The Disasters, Displacement, and Human Rights Program (DDHR) within the Department of Anthropology draws students from all over the county who are interested in collaborating on cross-disciplinary research projects.
“Simply put, there is no other anthropology program doing what we are doing,” says Hepner, associate professor of anthropology.
Each sub-discipline studies human culture in unique and specific ways. Through the DDHR Program, students and faculty work together to discover answers to global and local issues including migration, displacement, inequality, and human rights violations associated with war. Faculty in the program research issues from food security and environmental sustainability in East Tennessee to examining the spiritual and political significance of improper burials in Uganda, Africa.
“With scientific evidence, we can investigate the big, existential questions about the nature of being human and if we are destined for war and conflict,” Hepner says.

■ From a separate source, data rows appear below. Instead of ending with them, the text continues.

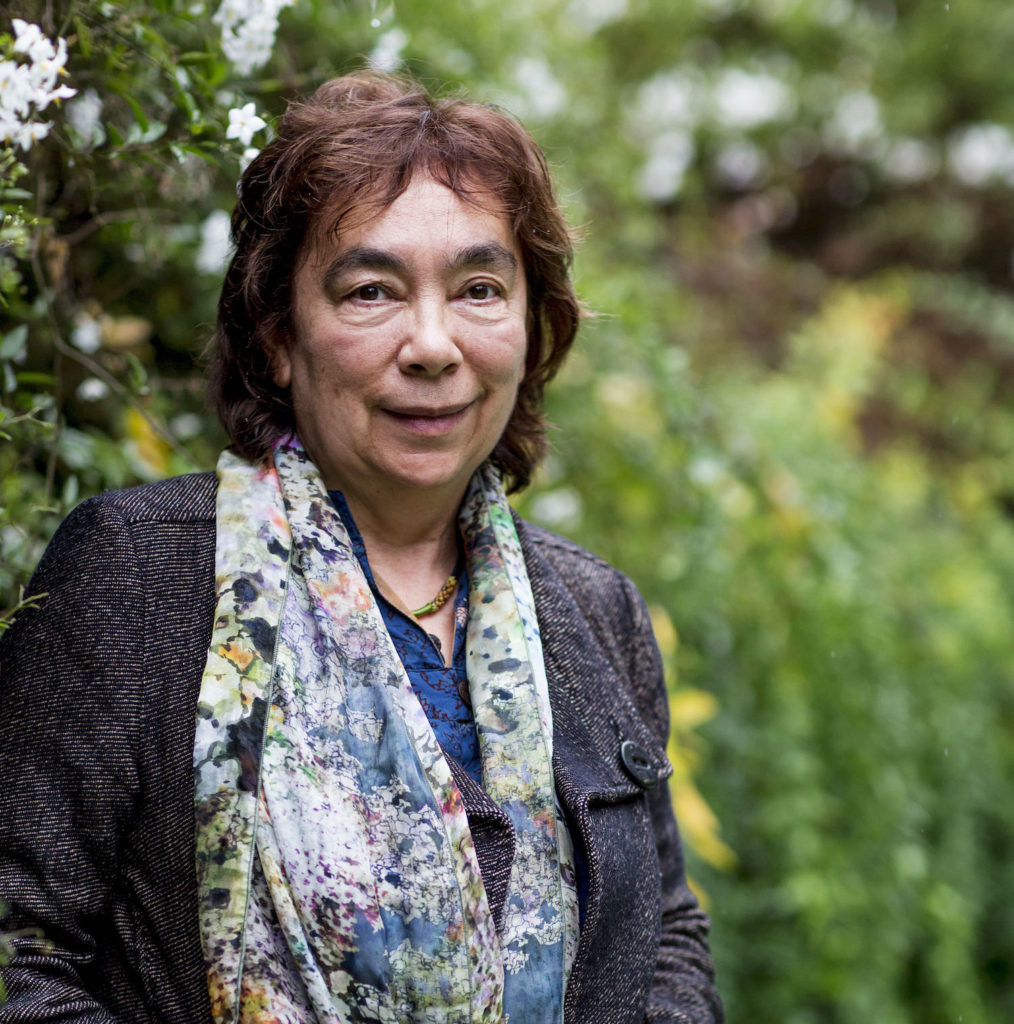 Alexis Wright is standing outside infront of a lush green garden. She is looking at the camera, wearing a grey coat and a floral scarf draped over her shoulders. She has chin lengths nutty brown hair.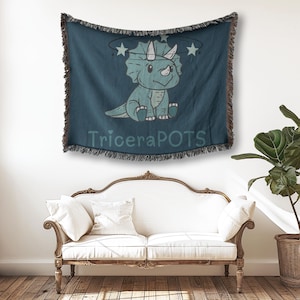 May include: A blue and green tapestry with a cartoon triceratops wearing a halo of stars. The tapestry has a fringe border and the text "TriceraPOTS" is printed on the bottom.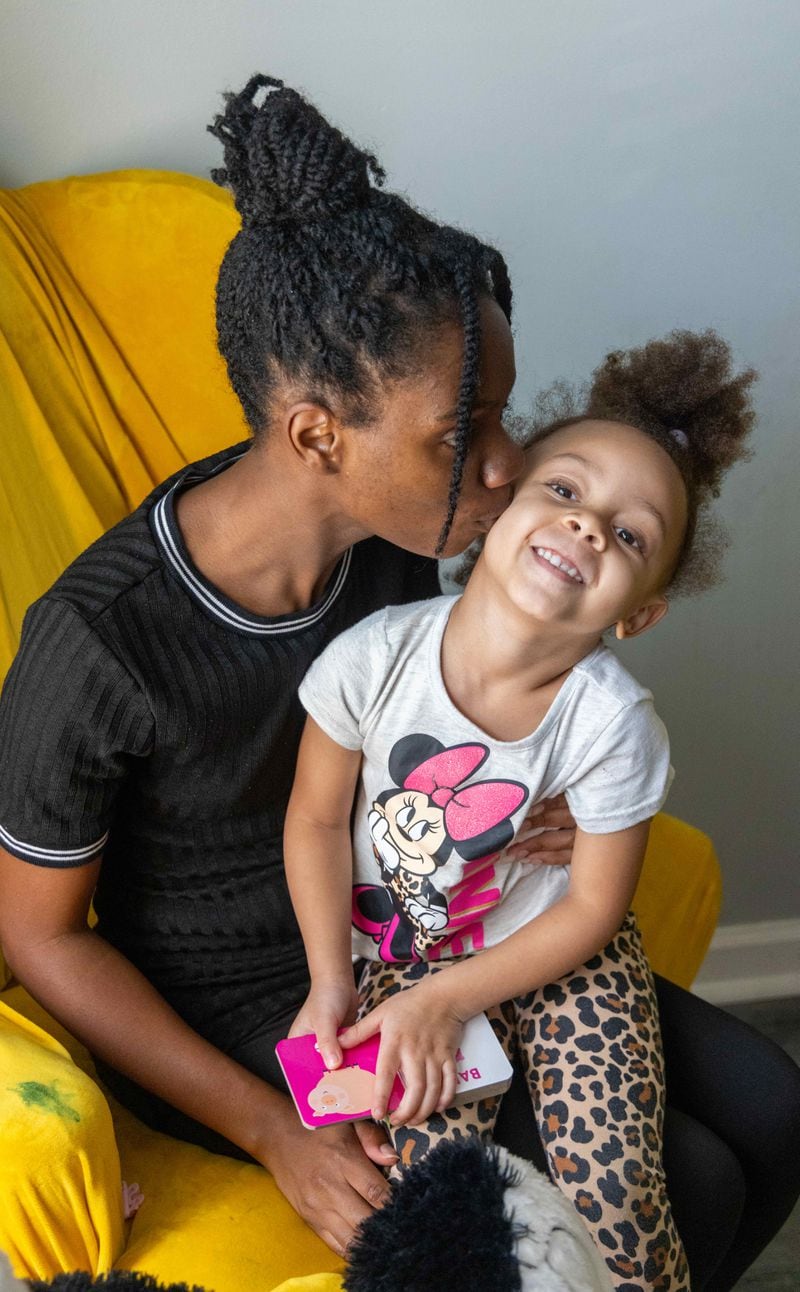 Tannyetta Robinson kisses her 4-year-old daughter Ayla in their Atlanta townhouse. PHIL SKINNER FOR THE ATLANTA JOURNAL-CONSTITUTION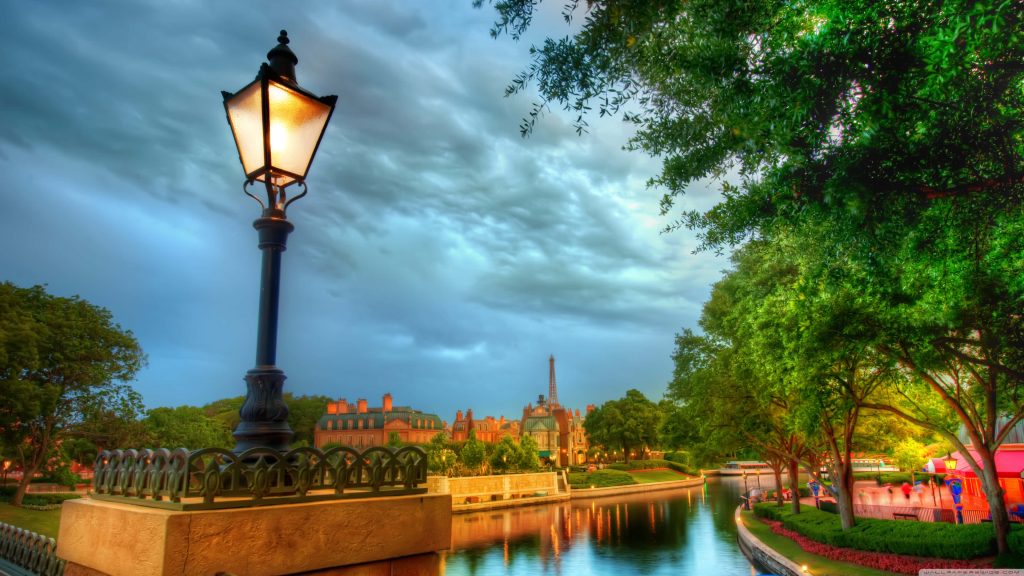 Epcot France Pavilion twilight with glowing lamp Eiffel Tower canal reflection wallpaper background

The DDHR Program also impacts how students think about anthropology at the undergraduate and graduate levels. Undergraduate majors are required to take classes in each sub-discipline before choosing a focus for research at the graduate level.
“Our program really demonstrates the value of exploring all the sub-disciplines of anthropology,” Hepner says.
Graduate students in the DDHR Program broaden their training as anthropologists and become more competitive in their field because they are not narrow, technical specialists.
“Our graduates are well-trained, broad-based scholars with critical imaginations and a specific kind of skill set that prepares them for their careers,” Hepner says. “They have the opportunity to see what you can do on a research project when you bring together the sub-disciplines in anthropology.”
Although the program is only three years old, it provides students the unique opportunity to discuss problems about natural and human-made disasters, displacement of people and cultures, and human rights issues from an anthropological perspective.
“We are training researchers who will go on and use the basis of their research to inform policies, interventions, and strategies for dealing with some of the most pressing problems facing the world,” Hepner says. “We are not training people to be humanitarian workers; we are training anthropologists.”